Les gommes à effacer sont principalement utilisées dans les actions de maintenance et de dépoussiérage des documents souillés. Omniprésentes dans nos ateliers, elles constituent un panel d’objets à la composition, la couleur et la texture extrêmement variées. Au delà des exigences requises pour un traitement ou un document donné, entre deux gommes aux propriétés physiques similaires, le choix n’est pas toujours évident.

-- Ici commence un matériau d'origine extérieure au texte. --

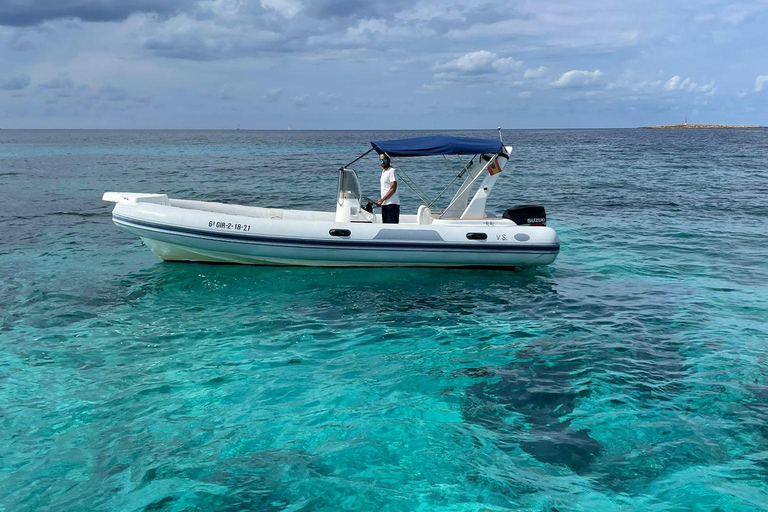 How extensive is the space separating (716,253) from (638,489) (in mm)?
9828

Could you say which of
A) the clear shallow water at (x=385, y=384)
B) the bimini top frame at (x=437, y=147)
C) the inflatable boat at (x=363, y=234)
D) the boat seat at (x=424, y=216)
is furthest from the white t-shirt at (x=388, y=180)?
the clear shallow water at (x=385, y=384)

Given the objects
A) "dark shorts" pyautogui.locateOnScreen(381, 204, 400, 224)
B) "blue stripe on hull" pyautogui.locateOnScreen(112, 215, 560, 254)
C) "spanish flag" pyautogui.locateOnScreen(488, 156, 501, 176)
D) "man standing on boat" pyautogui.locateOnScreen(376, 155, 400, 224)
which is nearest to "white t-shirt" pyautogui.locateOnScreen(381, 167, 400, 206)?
"man standing on boat" pyautogui.locateOnScreen(376, 155, 400, 224)

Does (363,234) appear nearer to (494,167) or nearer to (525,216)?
(494,167)

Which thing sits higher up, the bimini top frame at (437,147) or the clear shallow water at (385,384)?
the bimini top frame at (437,147)

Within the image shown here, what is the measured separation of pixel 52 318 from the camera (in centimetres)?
866

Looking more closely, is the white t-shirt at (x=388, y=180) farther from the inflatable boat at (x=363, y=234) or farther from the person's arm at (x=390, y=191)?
the inflatable boat at (x=363, y=234)

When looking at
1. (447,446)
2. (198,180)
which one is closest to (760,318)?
(447,446)

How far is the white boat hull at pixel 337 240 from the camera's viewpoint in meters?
10.6

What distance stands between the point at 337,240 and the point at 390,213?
1.16 metres

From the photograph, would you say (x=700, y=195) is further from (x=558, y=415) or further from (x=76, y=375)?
(x=76, y=375)

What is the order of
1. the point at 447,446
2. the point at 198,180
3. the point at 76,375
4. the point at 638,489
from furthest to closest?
the point at 198,180, the point at 76,375, the point at 447,446, the point at 638,489

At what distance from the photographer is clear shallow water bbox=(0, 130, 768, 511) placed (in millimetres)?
4824

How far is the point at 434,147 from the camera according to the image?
10625 millimetres

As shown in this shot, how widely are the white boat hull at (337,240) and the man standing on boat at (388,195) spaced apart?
0.39 m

Nombre de gommes à effacer ont fait l’objet d’études scientifiques approfondies, visant à déterminer leur composition chimique et à évaluer les effets d’un gommage sur l’état de surface (texture, état des fibres, jaunissement) des documents graphiques et photographiques. Insistant sur le fait qu’une élimination minutieuse des résidus doit être effectuée après gommage, certaines de ces études montrent que malgré tous les soins apportés à cette opération, des particules peuvent rester emprisonnées à l’intérieur des pores du papier.

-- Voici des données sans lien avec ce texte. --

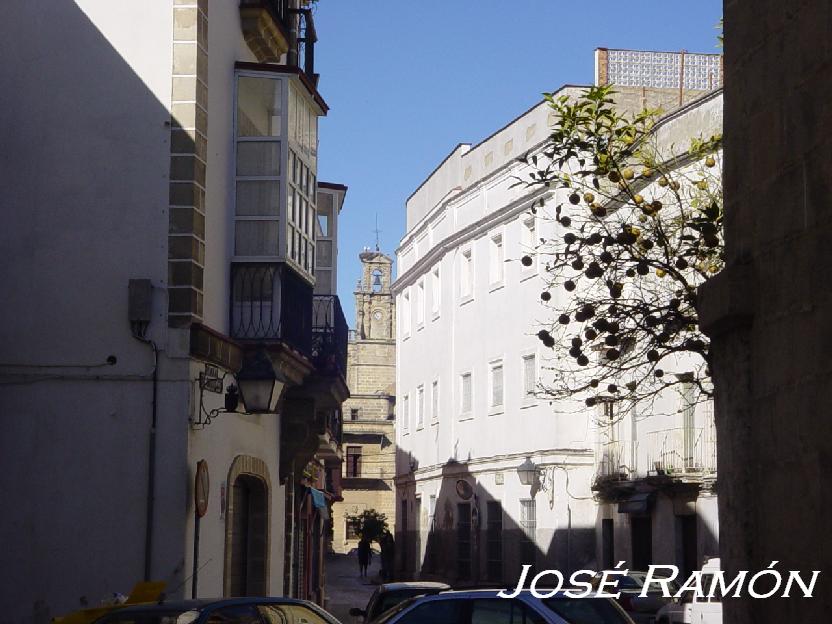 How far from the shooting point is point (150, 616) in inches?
412

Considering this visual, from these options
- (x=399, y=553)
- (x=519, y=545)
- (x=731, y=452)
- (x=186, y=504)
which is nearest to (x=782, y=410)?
(x=731, y=452)

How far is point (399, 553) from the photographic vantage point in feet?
153

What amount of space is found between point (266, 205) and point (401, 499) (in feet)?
102

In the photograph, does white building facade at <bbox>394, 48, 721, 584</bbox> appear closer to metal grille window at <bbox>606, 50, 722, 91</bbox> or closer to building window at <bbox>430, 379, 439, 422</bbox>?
building window at <bbox>430, 379, 439, 422</bbox>

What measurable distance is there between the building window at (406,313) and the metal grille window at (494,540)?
10824 millimetres

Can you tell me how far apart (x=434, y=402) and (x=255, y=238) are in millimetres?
26037

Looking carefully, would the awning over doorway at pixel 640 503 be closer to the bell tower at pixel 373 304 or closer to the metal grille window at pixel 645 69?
the metal grille window at pixel 645 69

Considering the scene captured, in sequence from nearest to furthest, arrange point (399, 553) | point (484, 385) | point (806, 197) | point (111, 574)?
point (806, 197) < point (111, 574) < point (484, 385) < point (399, 553)

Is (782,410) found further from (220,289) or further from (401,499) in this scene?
(401,499)

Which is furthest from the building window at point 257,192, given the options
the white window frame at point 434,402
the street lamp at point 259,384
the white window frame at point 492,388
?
the white window frame at point 434,402

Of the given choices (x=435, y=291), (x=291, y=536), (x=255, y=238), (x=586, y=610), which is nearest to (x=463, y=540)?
(x=435, y=291)

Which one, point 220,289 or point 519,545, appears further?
point 519,545

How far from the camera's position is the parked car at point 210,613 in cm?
1037

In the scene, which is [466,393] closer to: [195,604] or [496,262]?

Que deviennent ces résidus sur le long terme, quels effets peuvent ils avoir au cours des années sur la cellulose du papier elle-même ? C’est à cette dernière question que nous avons tenté de répondre.
L’étude menée au Laboratoire Scientifique et Technique avait donc pour objectif de suivre l’état de dégradation de la cellulose de deux types de papiers soumis à un vieillissement artificiel : l’un constitué de linters de coton et l’autre, de pâte chimique de résineux blanchie ; cette cellulose ayant été préalablement mélangée à différents types de gommes à effacer : factice, vinylique et styrène butadiène.
La technique d’analyse utilisée pour évaluer cet état de dégradation était la chromatographie d’exclusion stérique.

 

Composition chimique des gommes étudiées

Les 4 gommes choisies dans le cadre de cet article font partie de celles que l’on retrouve le plus souvent dans les ateliers et appartiennent aux principales catégories de gommes à effacer disponibles sur le marché :

  • Mars Plastics pour les gommes à base de polyvinyle chlorure (PVC)
  • Wishab pour les gommes à base de styrène-butadiène
  • Poudre Stouls et Design Artgum pour les gommes à base d’huile réticulée (factice)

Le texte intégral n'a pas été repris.